Unilever’s out-of-home ice-cream products saw “high-single-digit” growth, aided by “strong pricing”, which was “partially offset by some volume decline”.

Magnum and Cornetto ice creams, two of Unilever’s core so-called power brands, produced close to 85% of the ice-cream unit’s turnover in 2023.

The company said it intends to continue focusing its resources on those brands in the year ahead, with them being “well positioned to meet consumer’s desire for superior and indulgent ice cream”.

Speaking on how the company plans to tackle the weak performance, Fernando Fernandez, Unilever CFO, said: “We are taking actions to restore competitiveness in the category. We start to see benefits of a sharpened pricing and promotional strategy in the United States that brought in-home volumes back to positive territory in the fourth quarter.

“A difficult year calls for reflection and then action. We have put in place a new leadership team led by Peter ter Kulve, who has great experience in the category.
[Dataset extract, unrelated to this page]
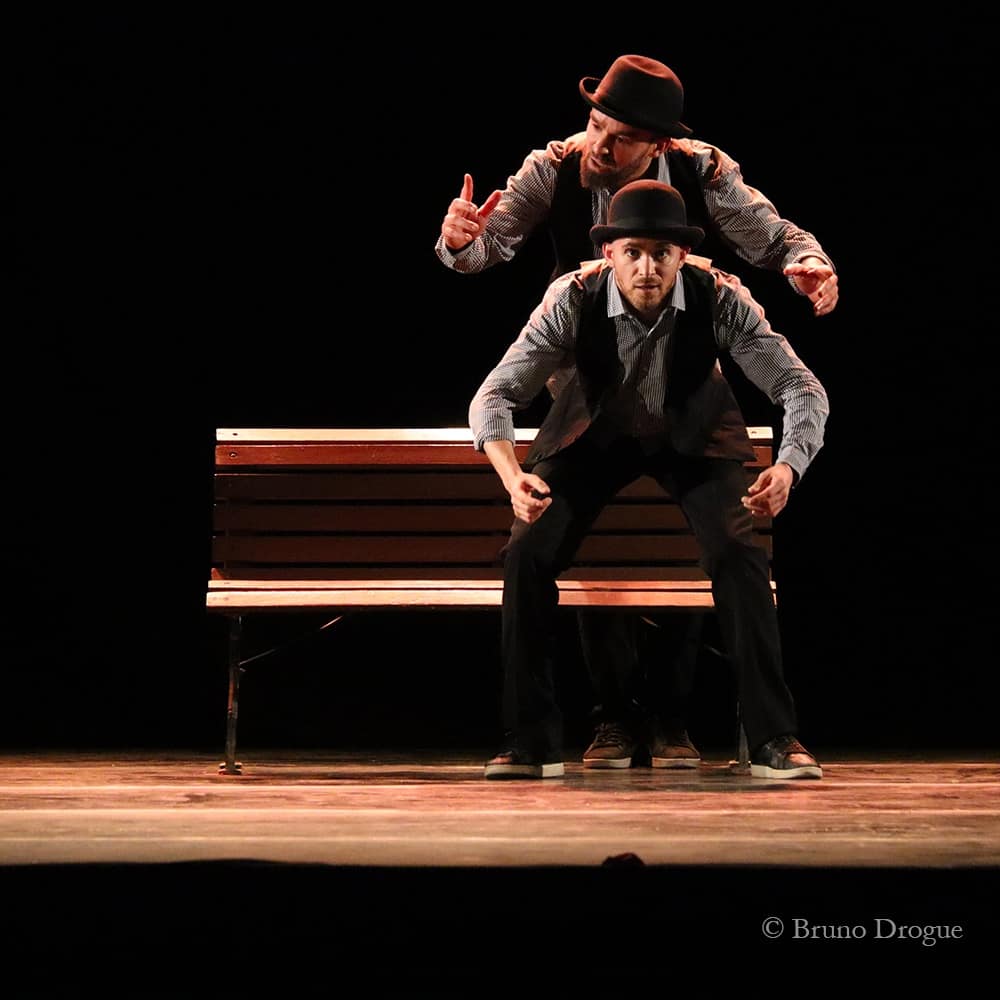 Soirée "Mimages fait son cirque" à Saint-Sylvestre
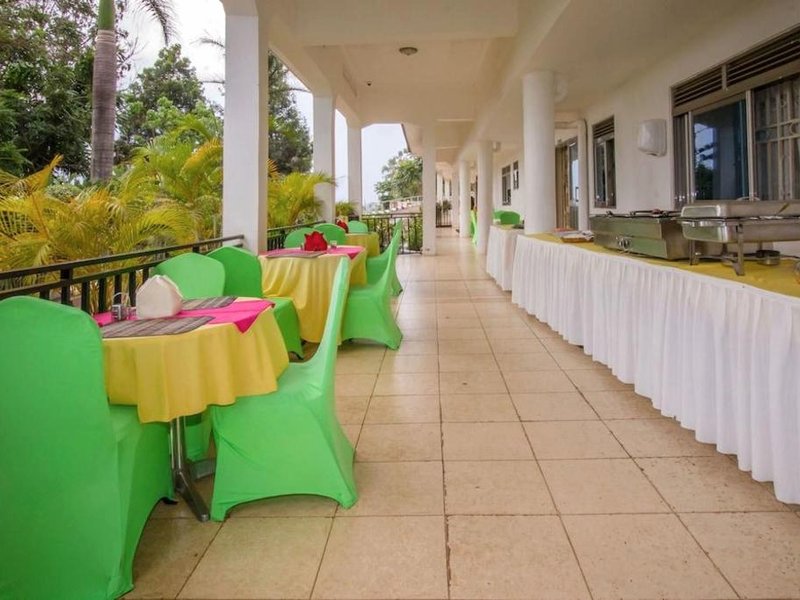 ゼブラ ホテル (Zebra Hotel)の写真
This team is reviewing the end-to-end economics of the business with a goal of improving operational grip and productivity.”

Last year, Unilever made a full restructure of the ice-cream team, slimming down the size of the executive group and “replacing 80% of country and regional leaders”, Schumacher said.

The group signalled intensions to reorganise its management last December.

When asked whether the company had seen downtrading in ice cream in the US, Schumacher said: “No, I wouldn’t say so”, adding that the market has “a different dynamic”.

The company’s increase in “promotional intensity to address competitiveness” was showing promise, he said. “I feel with the numbers we’re getting that’s working, and volumes…will turn to positive in North America in Q4”.

Speaking on product pricing, he said: “Clearly, we will price competitively in ice cream and we’re very determined on that” but the CEO stressed that certain ingredients like cocoa and sugar “remain inflationary”.

He continued: “The actions in ice cream should really come from a much stronger execution, a new look at the total supply chain and transforming our distribution and our network into a very competitive set.”

Unilever booked a total group annual turnover of €59.6m, down 0.8% year-on-year, which reflected an “unacceptable” level of competitiveness, said Fernandez.

Operating profit declined 9.3% to €9.8bn while net profit was down 13.7% at €7.1bn. The operating margin dropped by 150 basis points to 16.4%.

Like ice cream, Unilever’s nutrition business also saw a negative impact from input-cost inflation which resulted in higher pricing.

The unit, which produces brands including Knorr stock cubes and Hellmann’s mayonnaise, recorded €13.2bn in revenue in 2023, a 5% drop on 2022.

Underlying volume growth dropped 2.2% in the segment, though sales growth increased 7.7%.

Nutrition took the largest hit in Europe, the company said, due to “continued cost inflation, the targeted exit of unprofitable SKUs and private label share gains, impacting both volumes and profitability”.